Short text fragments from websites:

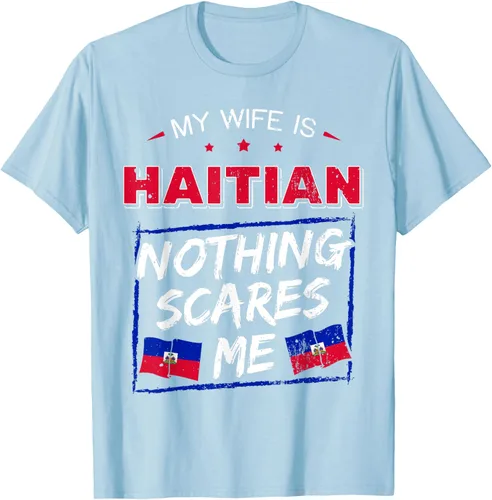 Miniatura 100 de My Wife Is Haitian Republic of Haiti Heritage Roots - Camiseta con bandera, Negro, S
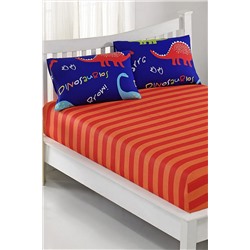 Ev & Ev Home Pes Lastikli Çarşaf Seti Tek Kişilik Dinazorus Mavi Ep-024578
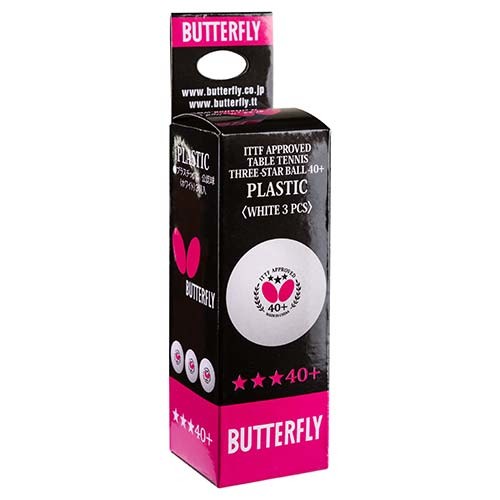 Кульки для настільного тенісу Butterfly, 3шт, білий.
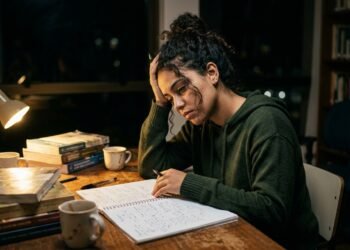 Estudante universitária cansada após horas seguidas no mesmo ambiente de estudo, apoiada sobre livros e cadernos durante a noite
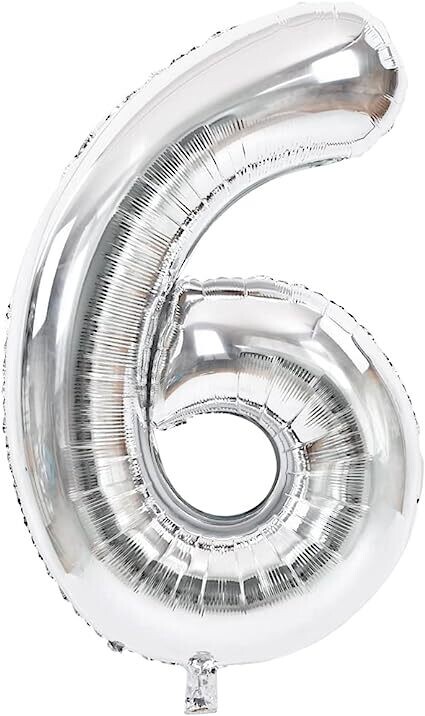 34" Number 6 Silver (North Star Balloons)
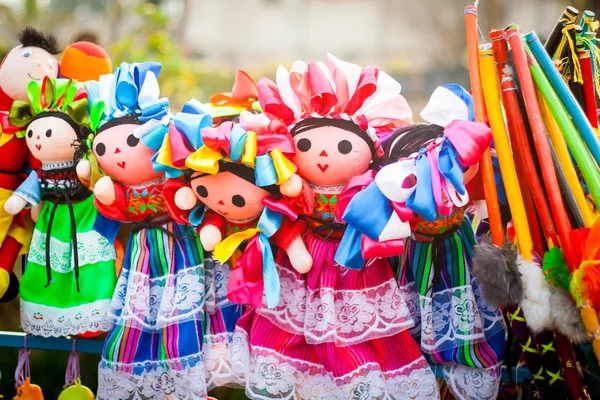 Цветные Куклы Лупита Названные Честь Острова Гваделупе Яницио — стоковое фото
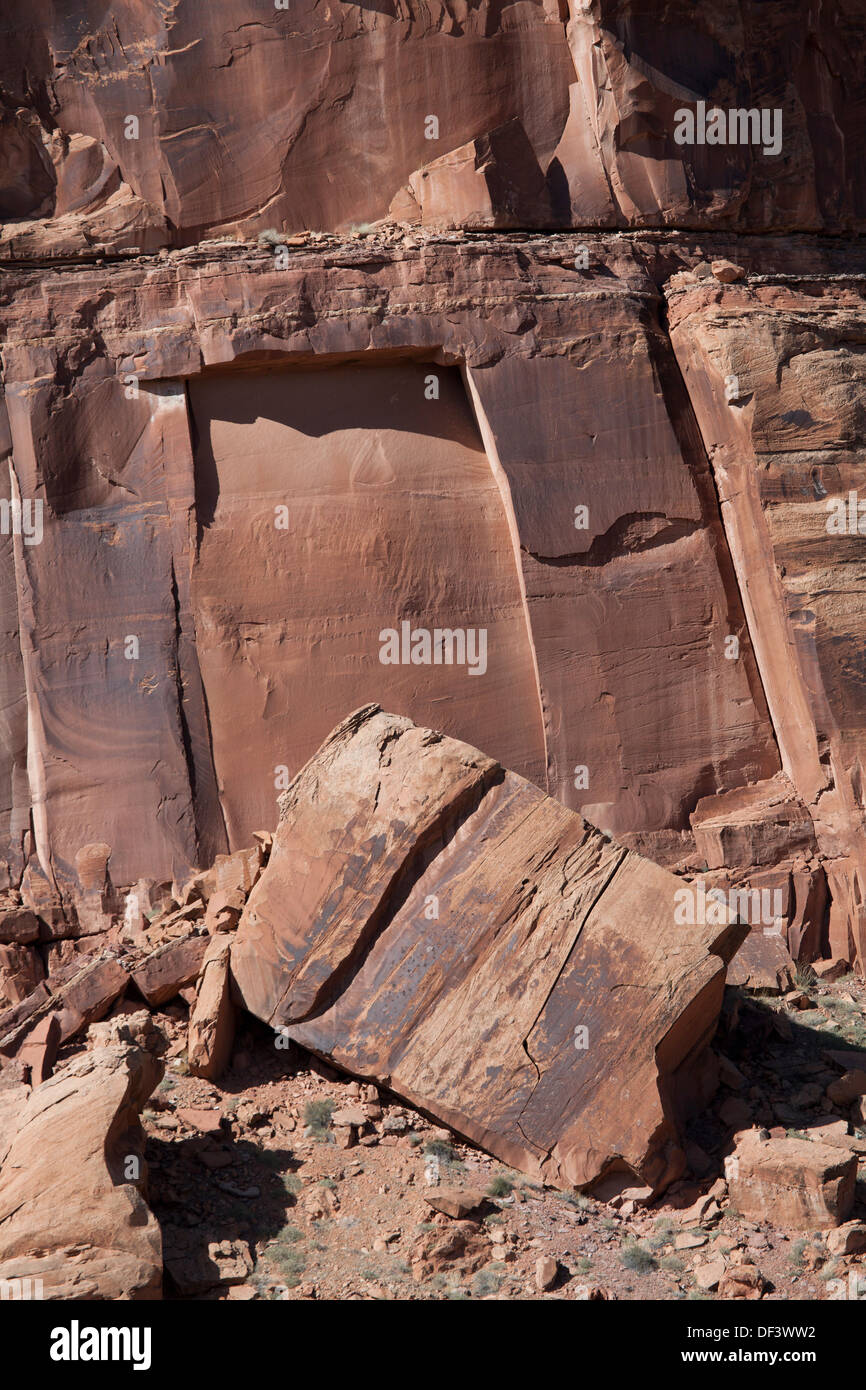 Fallen rock along the Colorado River near Moab, Utah. Stock Photo
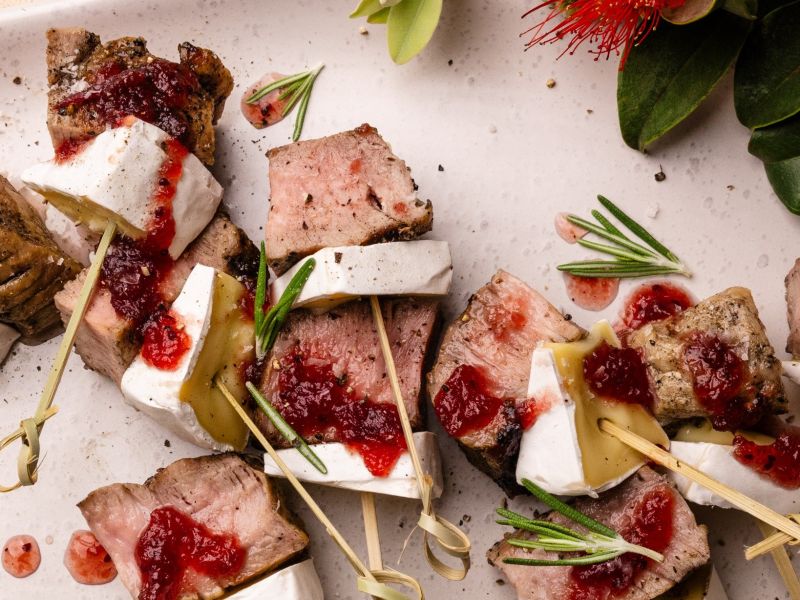 Festive BBQ Pork, Cranberry & Brie Canapés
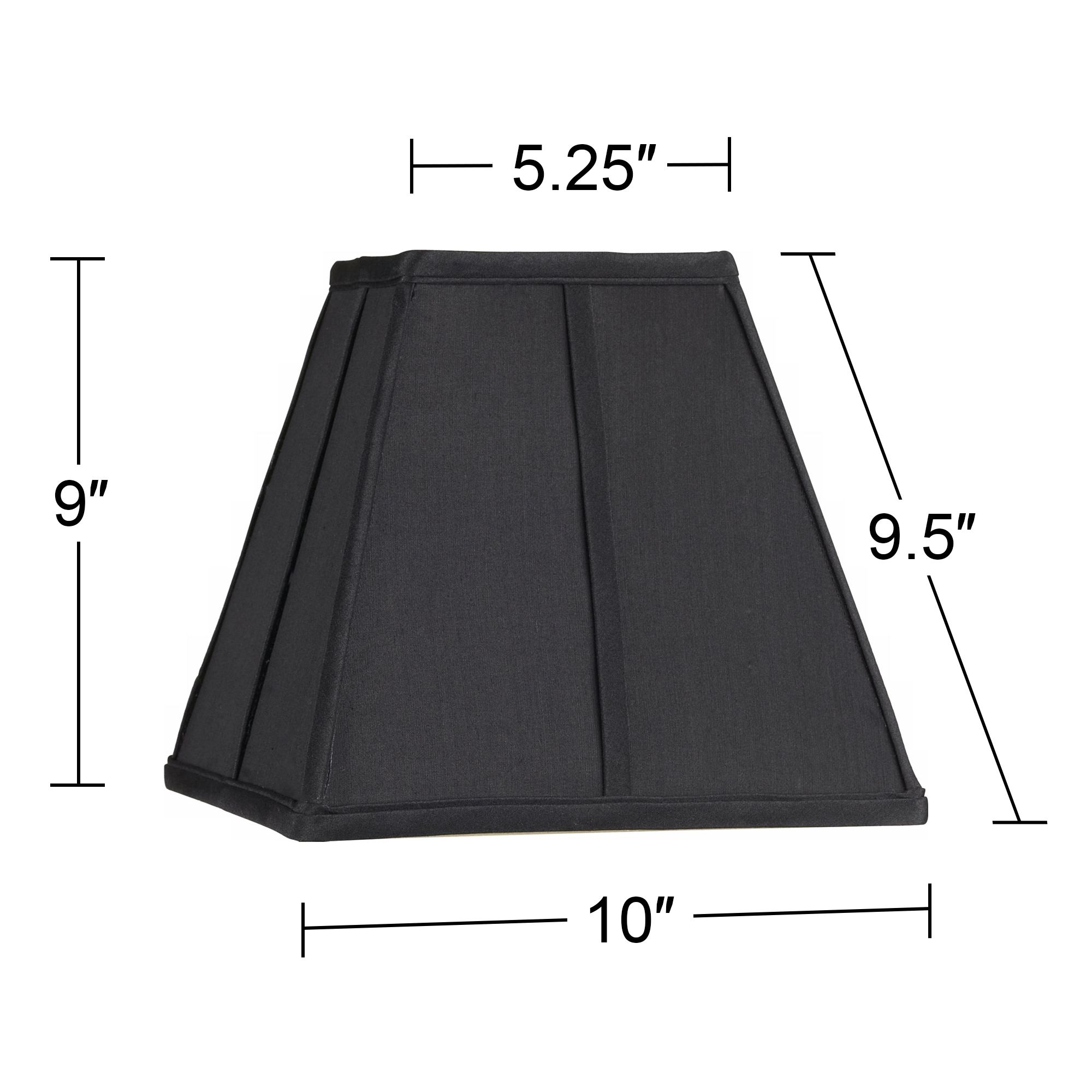 Square Black Lamp Shade 5.25x10x9.5 (Spider) 39970 Lamps Plus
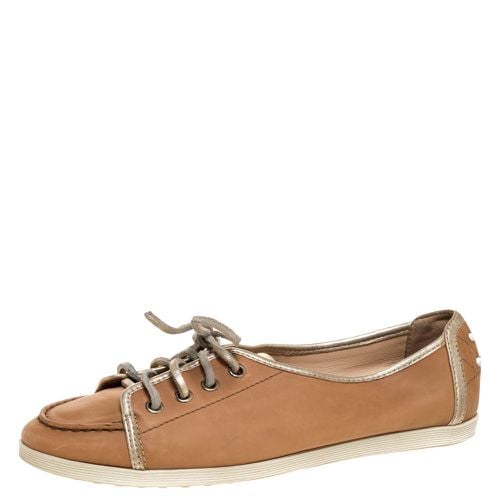 Gold Leather Lace Up Sneakers Size 38 - Tod's - Modalova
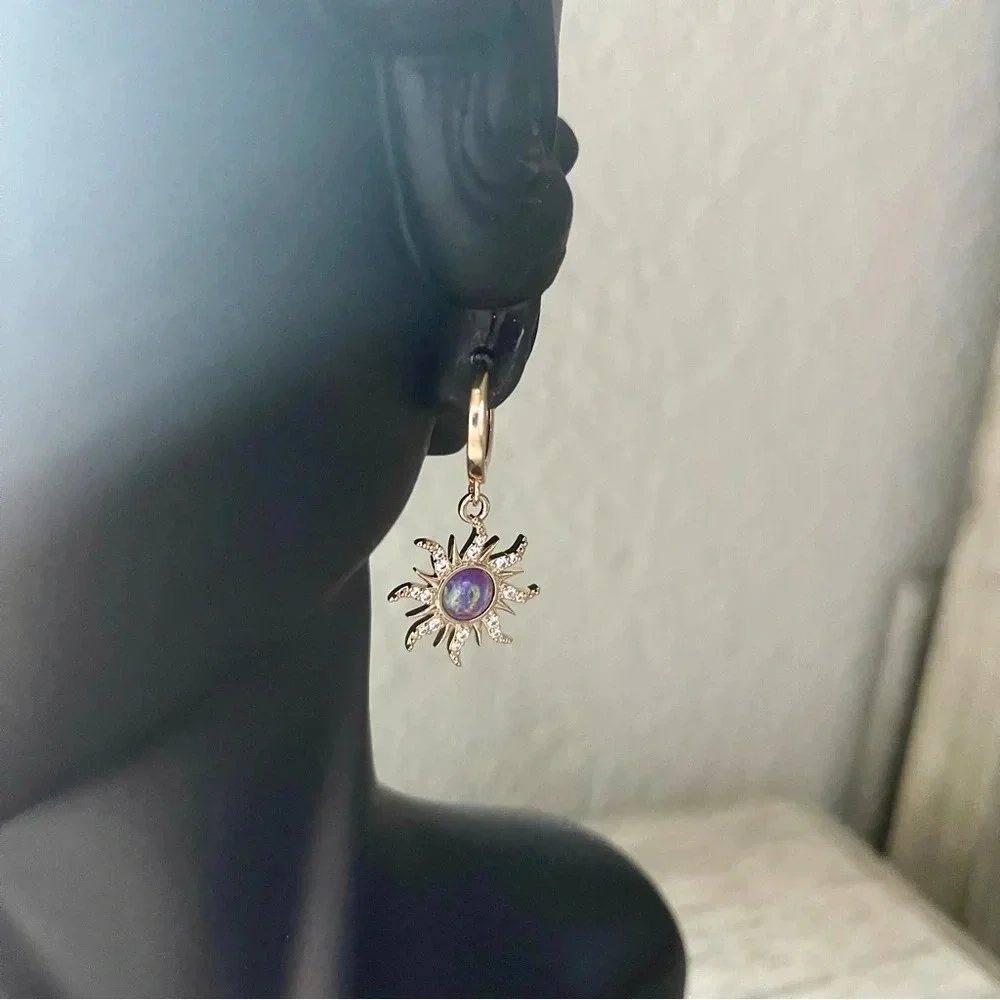 New! Purple Gold Sun Earrings & Necklace Sundrop Earrings Set 18k gold Plated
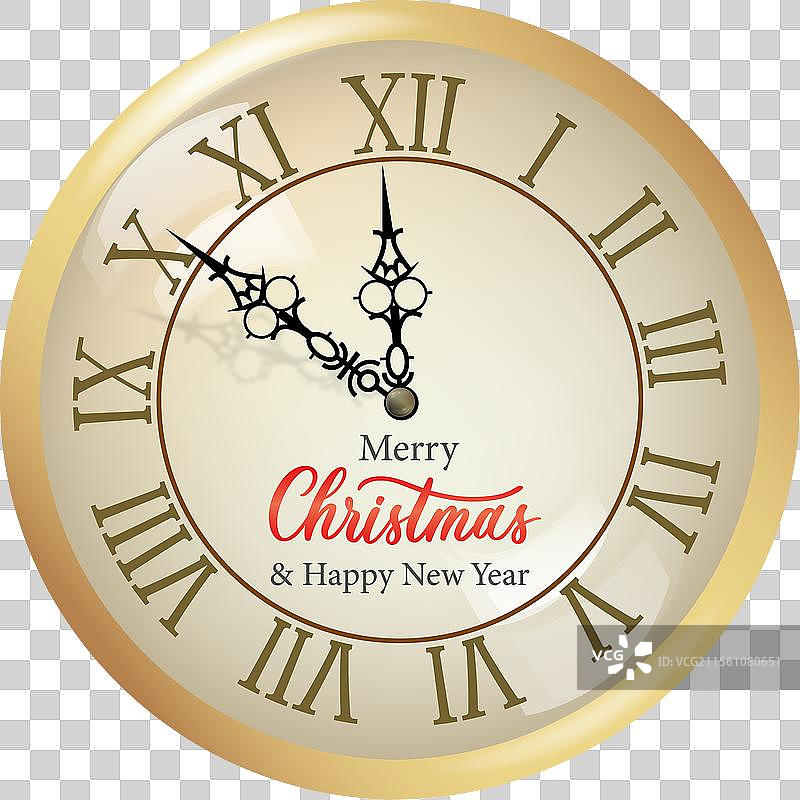 金色手表，带有罗马数字，庆祝新年图片素材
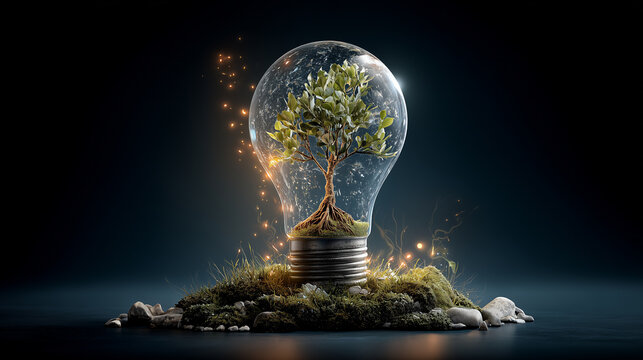 Nature tree inside transparent bulb environmental idea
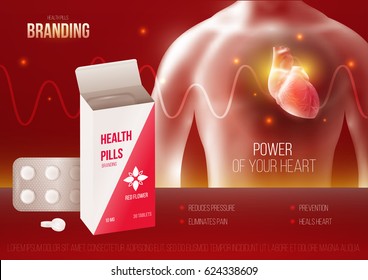 Template Design Branding Medical Products For Treatment Of Heart. Promotion Packaging With Tablets Blister. Mockup To Ads, Cover, Poster For Health And Beauty. 3d Blank Vector Illustration.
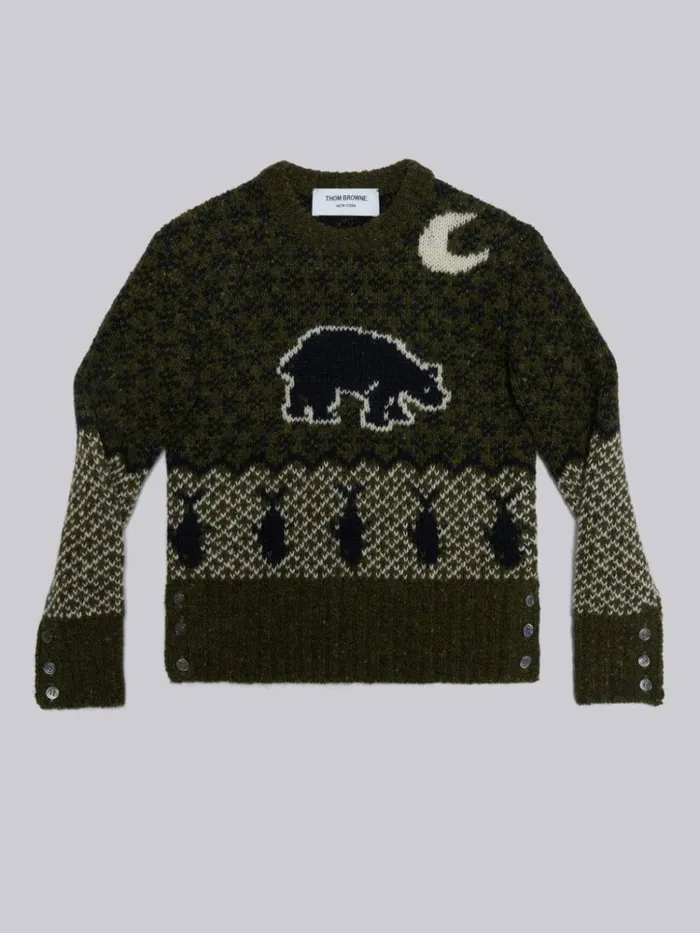 Mohair Tweed Fair Isle Crew Neck Pullover Dark Green GirlsBoys Thom Browne Knitwear Mohair Tweed Fair Isle Crew Neck Pullover Dark Green GirlsBoys Thom Browne Knitwear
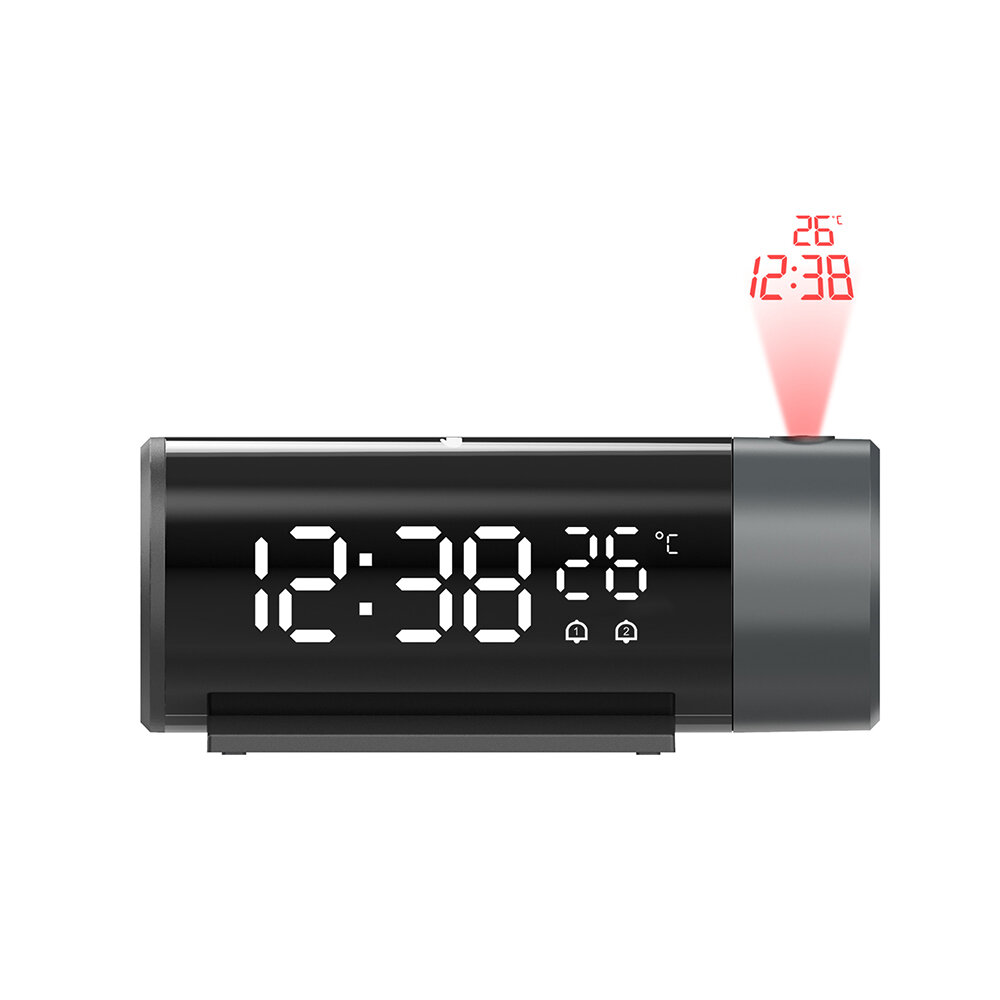 

Digital Alarm Clock LED Electronic Table Projector Watch Time Projection Bedroom Bedside Automatic Backlight 180° Rotati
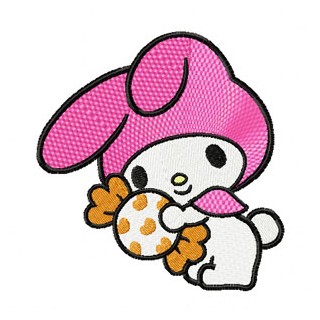 My Melody with Gift embroidery design - Embroidery Design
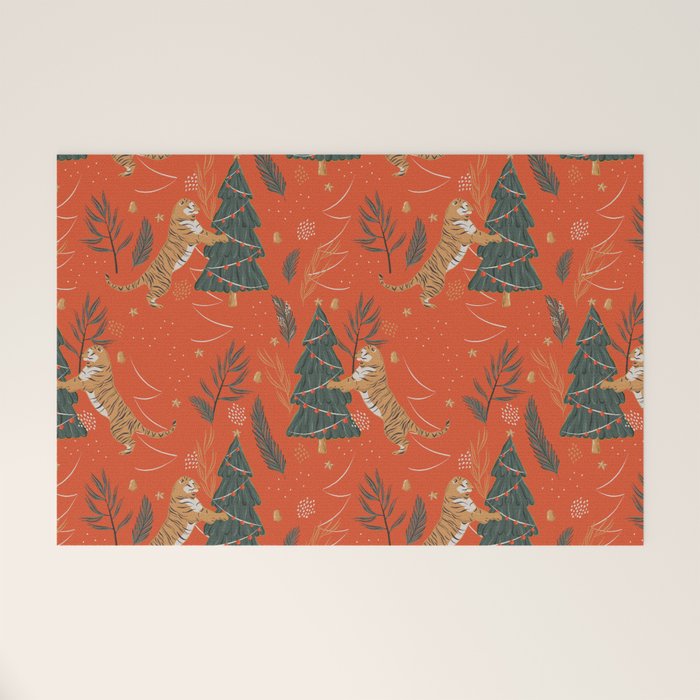 Tigers Christmas Welcome Mat Gallery Image 1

_Exercise_: Set all of the records down once more, letter for letter, with the images removed.

_Solution to the problem_:
 Miniatura 100 de My Wife Is Haitian Republic of Haiti Heritage Roots - Camiseta con bandera, Negro, S
 Ev & Ev Home Pes Lastikli Çarşaf Seti Tek Kişilik Dinazorus Mavi Ep-024578
 Кульки для настільного тенісу Butterfly, 3шт, білий.
 Estudante universitária cansada após horas seguidas no mesmo ambiente de estudo, apoiada sobre livros e cadernos durante a noite
 34" Number 6 Silver (North Star Balloons)
 Цветные Куклы Лупита Названные Честь Острова Гваделупе Яницио — стоковое фото
 Fallen rock along the Colorado River near Moab, Utah. Stock Photo
 Festive BBQ Pork, Cranberry & Brie Canapés
 Square Black Lamp Shade 5.25x10x9.5 (Spider) 39970 Lamps Plus
 Gold Leather Lace Up Sneakers Size 38 - Tod's - Modalova
 New! Purple Gold Sun Earrings & Necklace Sundrop Earrings Set 18k gold Plated
 金色手表，带有罗马数字，庆祝新年图片素材
 Nature tree inside transparent bulb environmental idea
 Template Design Branding Medical Products For Treatment Of Heart. Promotion Packaging With Tablets Blister. Mockup To Ads, Cover, Poster For Health And Beauty. 3d Blank Vector Illustration.
 Mohair Tweed Fair Isle Crew Neck Pullover Dark Green GirlsBoys Thom Browne Knitwear Mohair Tweed Fair Isle Crew Neck Pullover Dark Green GirlsBoys Thom Browne Knitwear

Digital Alarm Clock LED Electronic Table Projector Watch Time Projection Bedroom Bedside Automatic Backlight 180° Rotati
 My Melody with Gift embroidery design - Embroidery Design
 Tigers Christmas Welcome Mat Gallery Image 1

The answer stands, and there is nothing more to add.